DALLAS (AP) - Because of his chiseled arms and high school accolades, Patric Young drew comparisons to NBA star Dwight Howard long before he took his first hook shot at Florida.
Young had little, if any, chance to live up to the hype.
And he didn't. But the senior center has been far from an underachiever for top-seeded Florida (36-2), which plays Connecticut in the Final Four on Saturday.
Florida center Patric Young (4) is seen during the first half in a regional final game at the NCAA college basketball tournament March 29 in Memphis, Tenn.
A three-time Southeastern Conference scholar athlete of the year, Young will leave the Gators as one of coach Billy Donovan's best post defenders. Donovan puts the SEC defensive player of the year right up there with former defensive stoppers Brent Wright, Donnell Harvey, Joakim Noah and Al Horford.
"He's as good of a post defender, guarding pick-and-roll, playing low-post defenses, as I've had," Donovan said. "His intelligence level has got a lot to do with it, too. He's a really smart defensive player. He can see things happening before they happen. That's really impressive."
Young hasn't been too shabby at the other end, either.
The Jacksonville, Fla., native has scored nearly 1,300 points in four years, becoming the 50th player in school history to top 1,000 points. His hook shot has become a staple in Florida's inside-out offense, and Young posed problems for UConn in the teams' first meeting this season.
He finished with 17 points and seven rebounds in the one-point loss in early December and could be a factor in the rematch.
Young is averaging 10.8 points and 6.2 rebounds this season - similar to the numbers he posted as a sophomore and a junior. His biggest improvements have come in other areas, especially on the defensive end.
A consistent rebounder and occasional shot blocker, Young does a lot of little things in Donovan's multiple-look defense. He has the awareness to rotate and double opponents in the paint, the skills to handle all-important communication in pick-and-roll situations, a 240-pound frame that comes in handy when boxing out and the willingness to take charges.

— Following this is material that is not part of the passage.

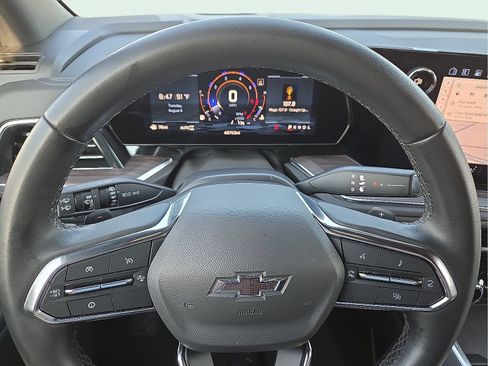 Used 2025 Chevrolet Tahoe Z71 AWD/4WD image 24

Donovan calls Young "about as unbelievable a kid as I've ever coached."
"A total team guy," Donovan said. "Unselfish, doesn't care if he scores, wants to win and cares about his relationships."
Young credits his defensive prowess to a mindset change.

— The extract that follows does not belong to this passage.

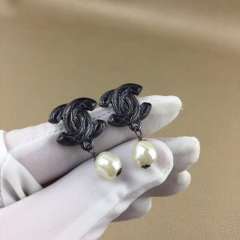 Chanel Hanging Pearl Small Earring Fashion Costume Jewelry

"Every single day you have a chance to impact the team with your attitude and effort," Young said. "It took me a little while to understand that it wasn't always about me. It's about our team and about winning.
"I knew this was my last chance to do something great here. I just really wanted to give it my best shot by putting in the work during the offseason."

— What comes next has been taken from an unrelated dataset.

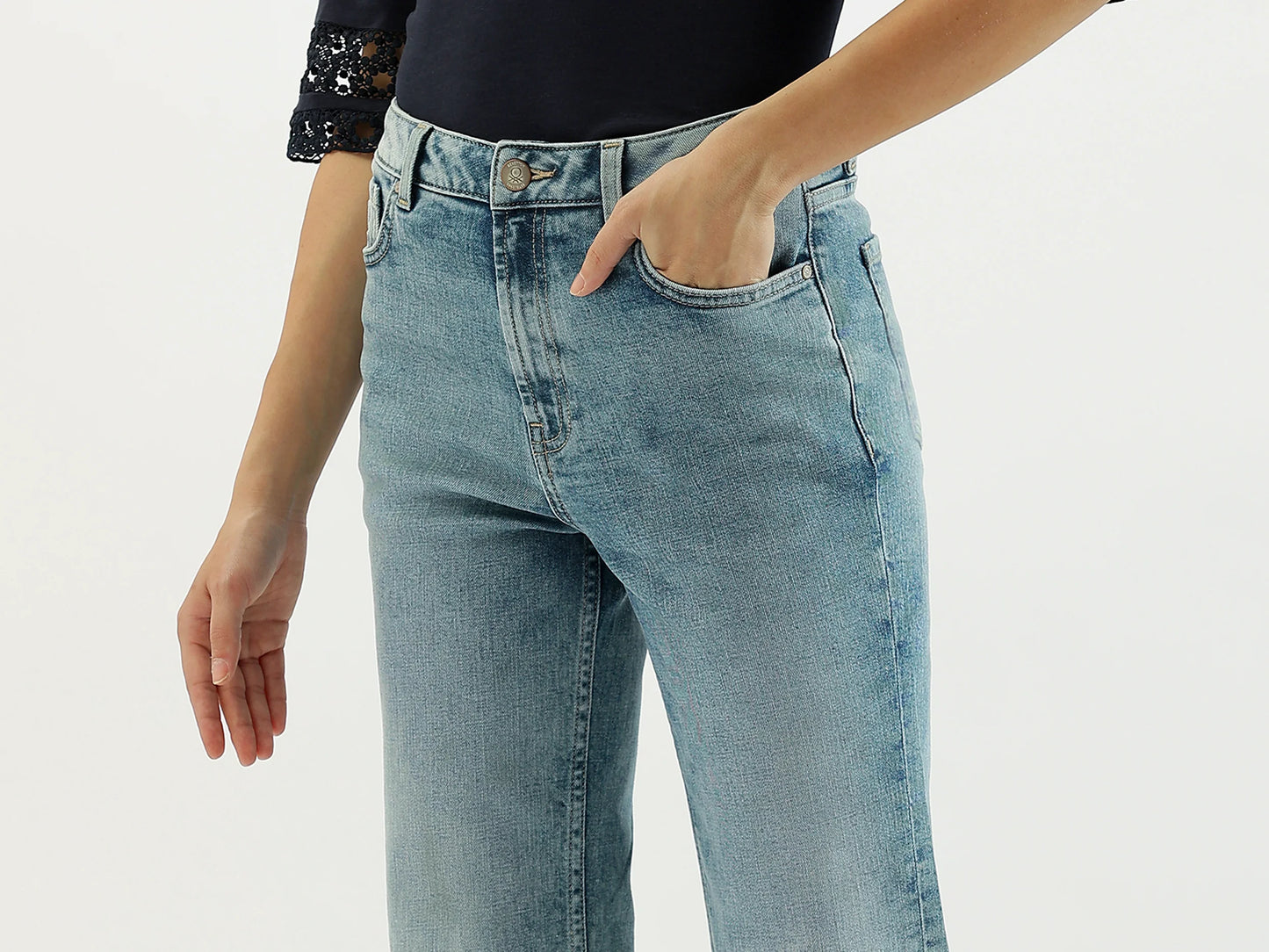 Fashion Forward Solid Bootleg Jeans with Classic Blue Wash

There was speculation that Young would be a one-and-done college player, a McDonald's All-American who would jump to the NBA the first chance he got.
Young stuck around, got better every year and improved his draft stock. He's widely considered a second-round pick in this summer's NBA draft.
"I don't think I was mature enough, didn't have the work ethic I wanted yet, was still trying to figure things out," Young said. "If I would have left early, I still don't know if I would be in the NBA right now. I would probably be somewhere in the D-league or overseas right now, trying to figure out how things went wrong."
Plenty has gone right for Young this season. The Gators have won a school-record 30 consecutive games, including an undefeated run through the SEC. And after three consecutive losses in regional finals, they advanced to the Final Four for the first time since 2007.
It's been a collective effort, with Young playing one of the starring roles.
"He's gotten better at his low-post scoring," teammate Scottie Wilbekin said. "He's always been a good defender, but this year he's really done a good job of improving his stamina so he can stay in the game for longer and play that top level of defense for longer periods of time."
It also has resulted in more hustle plays for Florida's big man, like the diving save between two defenders at Tennessee in February.
Donovan called it the play of the year. Kentucky coach John Calipari was so impressed that he showed Young's effort to his team and asked, "What are you willing to do to win a game?"
Young is willing to do just about anything these days, even though he may never live up to the hype.
"I don't want to take this opportunity for granted," he said. "Just go moment by moment and know that we're not going to get this chance again, especially me. All we can experience is the now. We're not going to let that opportunity get by us. We're going to go out every single day that we can and make sure we give our best effort."